WORK ITEM. Only the lines running from the line with "Here's the hotel" to the end of the listing below should be copied, exactly, without pictures.

RECORDED INFORMATION.
:::::

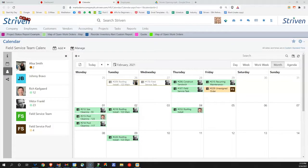Hi, I'm Mark, and welcome to Striven. In this video, I'd like to talk about scheduling and dispatching.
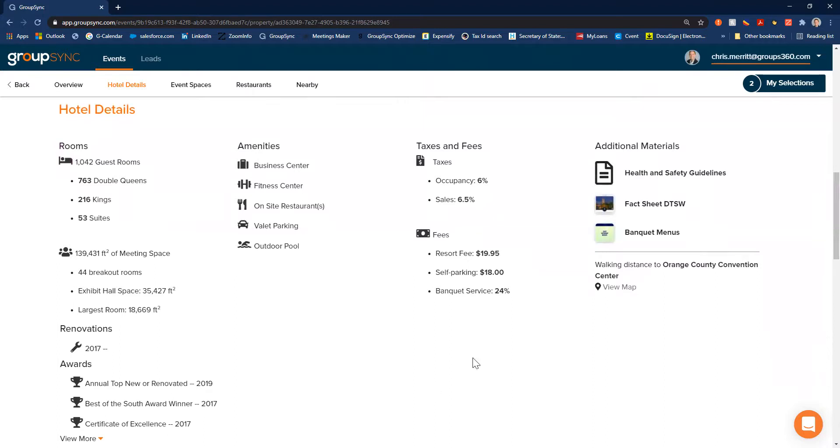Here's the hotel details that we get to receive: a breakdown of the guest rooms, breakdown of the meeting space, the amenities that they have to offer. And then this property is actually added in their taxes and looks like their fees such as resort fee, parking, banquet service charges.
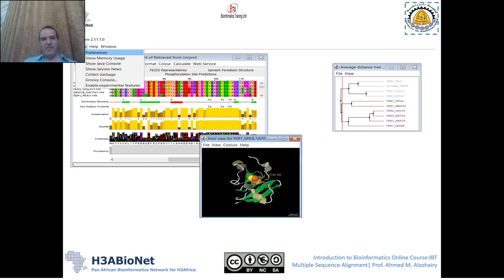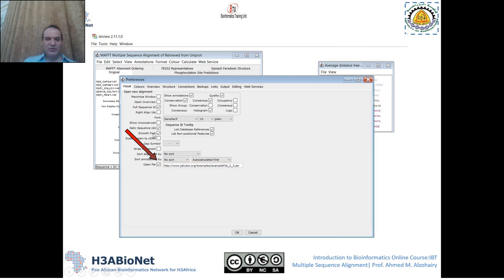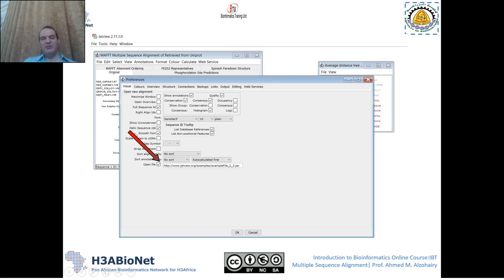If you would like to stop this example from opening every time, go to Tools, then Preferences, and uncheck the option called 'Open File.' This means when you open Jalview, the example will no longer appear. You can also enter your own file path here so that your own data file opens automatically every time you launch the program.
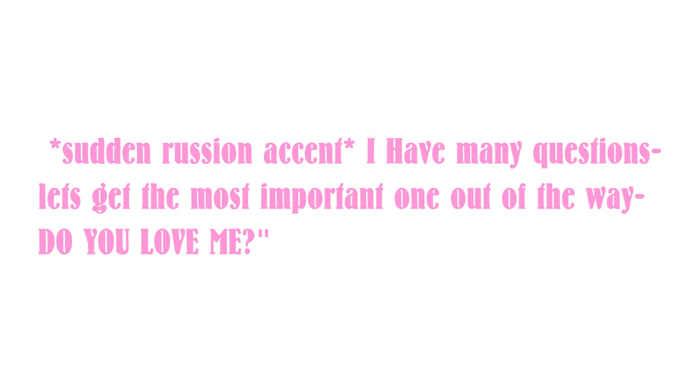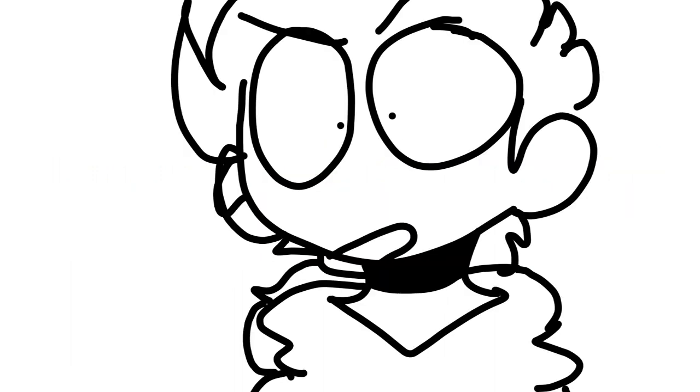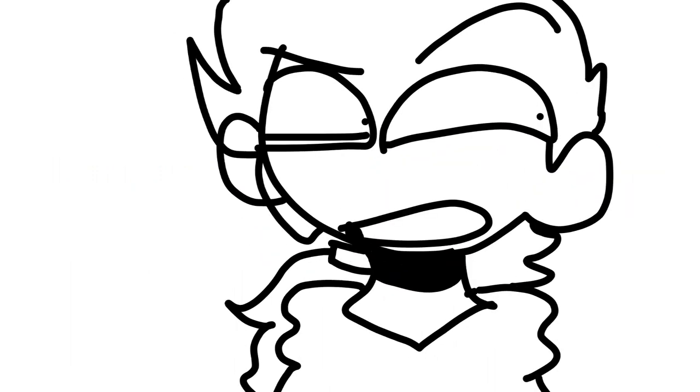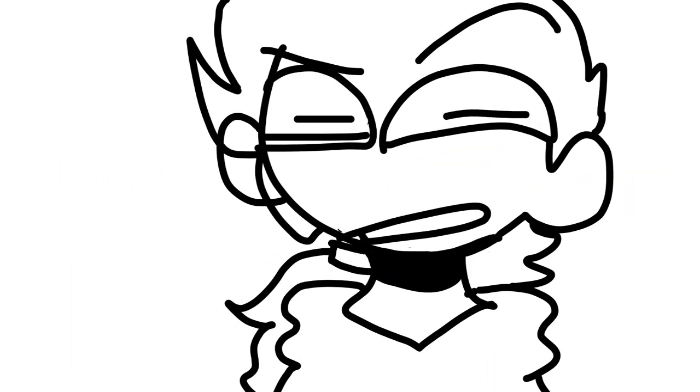Stunowater the Spoonlord says, sudden Russian accent. Hello, I have many questions. Let us get the main one out of the way. Do you love me? Sure, I guess.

:::::

PROBLEM SOLUTION.
Here's the hotel details that we get to receive: a breakdown of the guest rooms, breakdown of the meeting space, the amenities that they have to offer. And then this property is actually added in their taxes and looks like their fees such as resort fee, parking, banquet service charges.
If you would like to stop this example from opening every time, go to Tools, then Preferences, and uncheck the option called 'Open File.' This means when you open Jalview, the example will no longer appear. You can also enter your own file path here so that your own data file opens automatically every time you launch the program.
Stunowater the Spoonlord says, sudden Russian accent. Hello, I have many questions. Let us get the main one out of the way. Do you love me? Sure, I guess.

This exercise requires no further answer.